Ten film ma, zasadniczo, dwie wady. Pierwszą jest Channing Tatum a drugą - Ryan Phillippe.
Fabuła dałaby radę, muzyka średnia, ale to, co ci dwaj odwalają przyprawia o drgawki. Ryan potrafi być niezły, więc musi to być wina nieumejętnego poprowadzenia aktora. Channing ponoć jest przystojny i to jedyna jego zaleta, bo grać nie potrafi.
Wspólnie udało im się położyć film.
Dodaję gwiazdkę za JGLa, który w jednej scenie potrafi zagrać więcej, niż Tatum w całym filmie.
zgadzam się z twoją opinią , jeśli chodzi o Tatuma, z wyjątkiem , że dla mnie przystojny nie jest
on aktorem jest słabym , Ryan Phillippe. zagrał lepiej od niego , był bardziej wiarygodny od Channinga Tatuma
JGL był świetny ,
Nie, czekaj, mi się Channing absolutnie nie podoba, ale wiem, że jego kariera opiera się głównie na tym. ;)
Jakby JGL i Ryan zagrali dwie główne role, to byłoby znacznie lepiej..
to prawda jego kariera polega na wyglądzie , gdyby nie zagrał w Step Up , pewnie kariery by nie zrobił
zabawne. śmieje sie po przeczytaniu Twojego komentarza, bo chyba sie z Toba zgadzam.

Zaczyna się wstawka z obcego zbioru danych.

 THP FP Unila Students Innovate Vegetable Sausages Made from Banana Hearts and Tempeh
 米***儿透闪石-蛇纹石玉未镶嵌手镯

juz sama nie wiedzialam co bylo nie tak z tym filmem :D aktorzy czy ogolnie caly film.
JG-L bardzo dobry, ale Tatum i Phillippe to hmm..
Dla mnie jest jedna wielka wada w tym filmie Channing Tatum po za tą jedną wadą jest ok film bardzo dobry według mnie a nie rozumiem dlaczego sporo osób narzeka na Ryana Phillipa dla mnie zagrał dobrze może nie na miarę Oscara ale dał radę ale dla mnie większość drugoplanowych ról była bardzo dobra
Również się zgadzam. Nie mam wielkich zastrzeżeń do Philippe'a, bo chłopak potrafi dobrze grać. Jedyny minus to Channing Tatum, gdyż to kompletne drewno i nie znoszę jego "gry", jeśli można to tak w ogóle nazwać, co on robi na ekranie. Film daje radę, choć mógł być jeszcze lepszy - mam poczucie niewykorzystanego do końca potencjału.
Są gusta i guściki, ale wybacz - Tatum ani przystojny nie jest, ani tym bardziej utalentowany...
Wybacz, ale czy umiesz czytać ze zrozumieniem? Nie napisałam, że jest utalentowany, a "Channing ponoć jest przystojny" nie znaczy, że ja go za takiego uważam, bo nie pisałabym ponoć. Chyba że chciałaś odpisać komuś innemu i nie trafiłaś, wtedy tak, masz rację.
Tak, umiem, jak najbardziej.
I wybacz, ale machnęłam wpis nie w tym temacie co trzeba. Obrażać nie musisz.